Tiny Qatar, for example, lacking any on-the-ground knowledge of Syria, turned to Syrian expatriates in Doha for fighters and organization. It then funded many small brigades, each headed by a different commander from among these Syrian expats. This system provided no incentive for rebel groups to work together to overthrow Assad. Instead, it encouraged them to compete against one another for money.

Saudi Arabia initially funneled its financial support to the moderate Free Syrian Army. Frustrated that Assad wasn’t toppled quickly, it then shuttled money to Islamist groups as well. Even as the Islamists and FSA began to fight each other, the Saudis kept supplying money to both sides.

Further, arms deliveries to moderate groups were slow to arrive. This forced them to seek private funding from wealthy citizens of the Persian Gulf states, who tended to support sectarian causes. Donations flowed primarily to Islamists, and encouraged less radical groups to emphasize Islamist credentials.

America’s Middle Eastern allies also proved unwilling — and later unable — to crack down on their private citizens’ funding of extremists in Syria. Leaders in many gulf states turned a blind eye to the fact that money collected by Salafi clerics for “humanitarian” relief in Syria was in fact going to military purposes. Only in 2013 did Saudi Arabia finally ban its citizens from funding rebel groups directly, a prohibition that has had little effect.

Worse, these governments often couldn’t maintain control over the supplies they sent into Syria, meaning arms and cash found their way into the hands of radicals.

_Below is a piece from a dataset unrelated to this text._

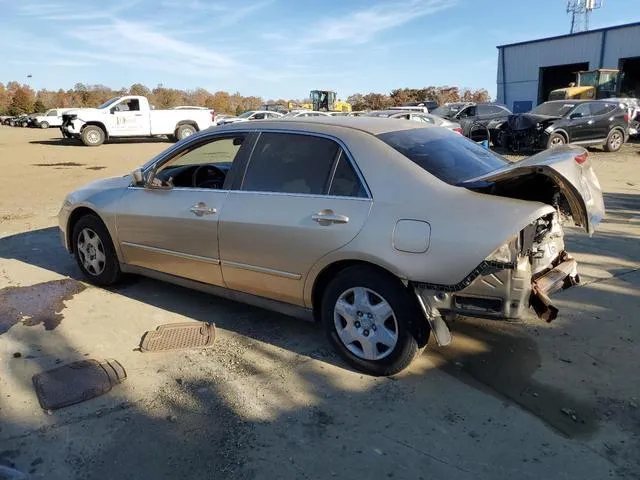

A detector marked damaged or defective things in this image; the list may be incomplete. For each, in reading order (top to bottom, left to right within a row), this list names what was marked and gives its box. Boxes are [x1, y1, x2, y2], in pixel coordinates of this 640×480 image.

damaged vehicle [57, 117, 604, 376]
damaged honda accord [57, 118, 604, 376]
damaged vehicle [498, 100, 628, 153]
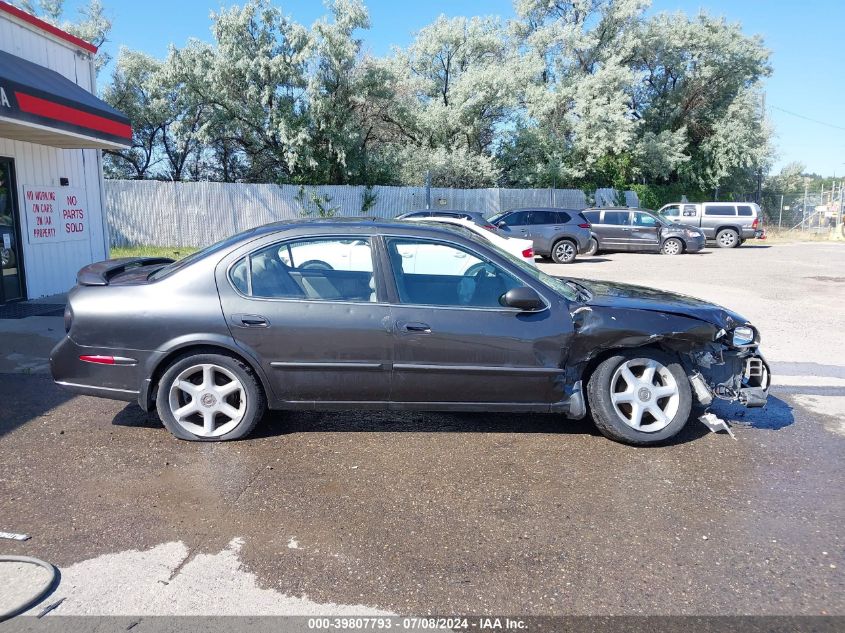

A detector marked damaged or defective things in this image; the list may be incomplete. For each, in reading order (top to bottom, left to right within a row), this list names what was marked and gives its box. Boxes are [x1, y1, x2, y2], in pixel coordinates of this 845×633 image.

Qatar in particular rarely vetted the recipients of their aid. In the most extreme case, in their zeal to bring down the Assad government, Qatari officials even advocated funding Al Nusra Front, despite that group’s strong ties to Al Qaeda.

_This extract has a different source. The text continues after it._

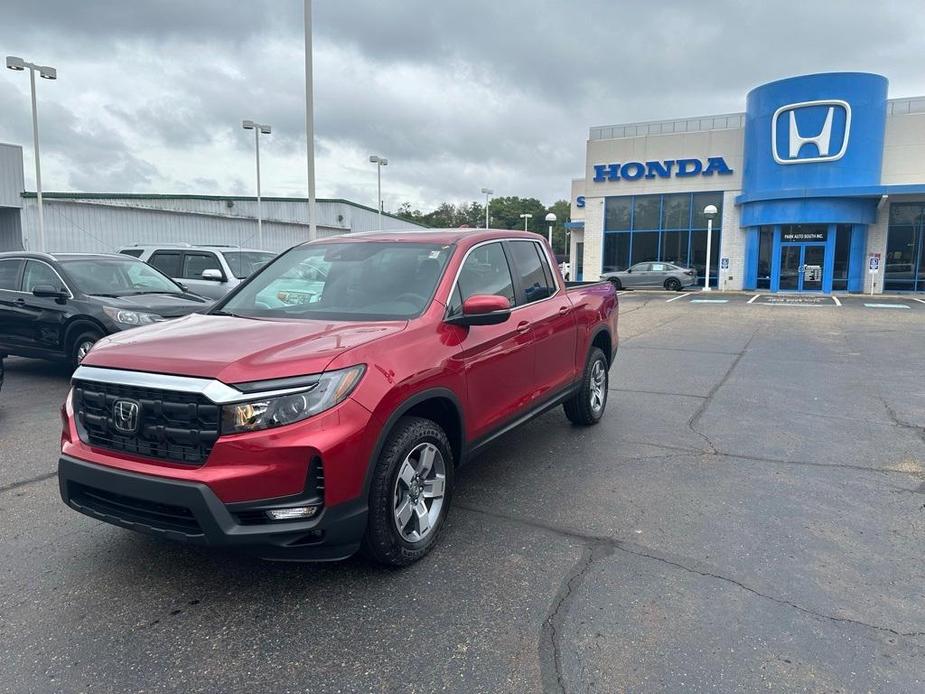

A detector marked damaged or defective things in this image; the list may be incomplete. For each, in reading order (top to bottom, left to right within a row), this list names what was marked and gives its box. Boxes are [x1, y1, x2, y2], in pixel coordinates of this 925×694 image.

crack in pavement [684, 328, 756, 454]
crack in pavement [456, 506, 925, 694]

Many factors have, of course, contributed to the Syrian disaster and the rise of Islamic State. Still, it’s hard to dispute that the incompetent interference of states like Saudi Arabia and Qatar made the conflict become more extreme. As Vice President Joe Biden noted in an off-the-cuff remark, “Our allies in the region were our biggest problem.... The people who were being supplied were Al Nusra and Al Qaeda.”

The White House made Biden apologize to several Middle Eastern leaders for speaking that truth. Official statements from the White House, in contrast, publicly praised these allies for their help.

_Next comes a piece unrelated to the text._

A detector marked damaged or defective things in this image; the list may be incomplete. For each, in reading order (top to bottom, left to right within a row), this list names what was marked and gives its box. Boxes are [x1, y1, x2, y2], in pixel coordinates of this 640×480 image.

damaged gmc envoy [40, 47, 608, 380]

Secretary of State John F. Kerry asserted in September that “Arab nations play a critical role in [the] coalition.” Defense Secretary Ashton Carter, asked about Qatari funding for extremists by the House Armed Services Committee just two weeks ago, replied that “not everything our partners do in the region are things that we support or we think are constructive,” but then said, “We can continue to work with them on areas where we disagree.”

His message was clear: The United States will not challenge its Middle Eastern allies, even when they purposefully undermine U.S. interests.

Yet as their many failures and fixations in Syria show, states like Saudi Arabia and Qatar are unreliable and capricious allies. We cannot count on them to consider U.S. interests; indeed, their concerns often run counter to our foreign policy interests. As other regional issues escalate, including the war in Yemen, these are lessons the United States must fully absorb.

Emma Ashford is a visiting fellow at the Cato Institute and author of the new study “Friends Like These: Why Petrostates Make Bad Allies.”